Whisper and AR

“Voice is the new touch.” - Kopin CEO, John Fan

As noted in this Seeking Alpha article from 2016, the world is rapidly moving to Voice as the primary User Interface element we use to interact with our devices. In the last few years, the rate of adoption of Voice as preferred input method has grown rapidly.

Consider the breakout success of the Amazon Echo, Apple Airpods, and proliferation of Voice engines from Apple, Google, and others.

Furthermore, Voice is seen by many as the optimal input method for AR headsets and smart glasses.
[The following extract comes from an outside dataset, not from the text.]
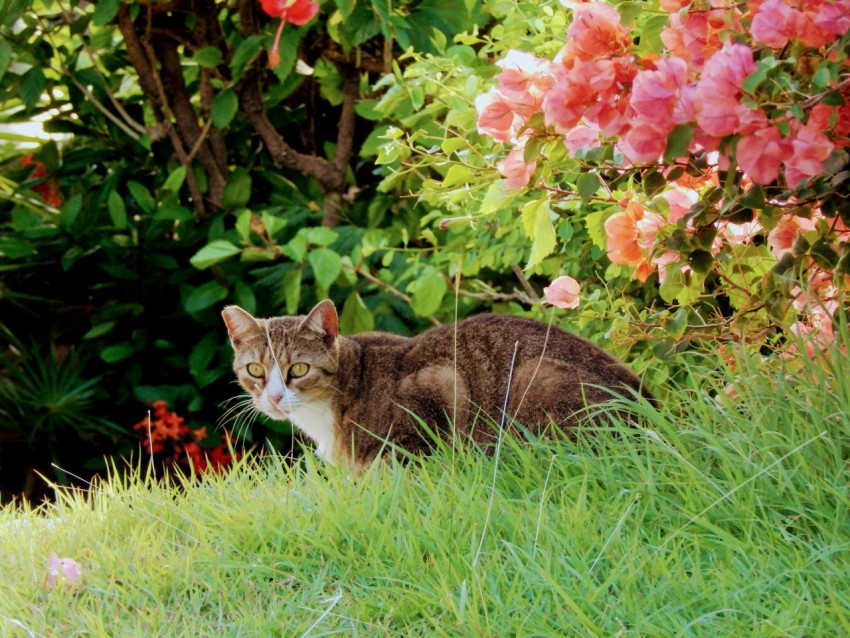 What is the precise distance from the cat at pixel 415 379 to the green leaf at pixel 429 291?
45cm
Watch Kopin CEO, John Fan speak about the importance of Voice for head-worn devices at MIT in January of 2019:

To Be Adopted By Consumers, Voice Must Be Flawless
While a fast typist can input data at a rate of perhaps 35 or 40 words-per-minute (WPM), humans speak at a rate equal to 140 WPM. The advantages of Voice as a a primary input method for our devices is clear. But, there is a problem …

Current speech recognition accuracy is not meeting user expectations and that is holding back adoption of Voice-based devices. Importantly, its not the speech engines holding us back. Natural Language Processing (NLP) engines from Nuance, Apple, Microsoft, Google, Baidu, IBM, and others are very good at interpreting a clean speech signal and converting that to a commands for execution.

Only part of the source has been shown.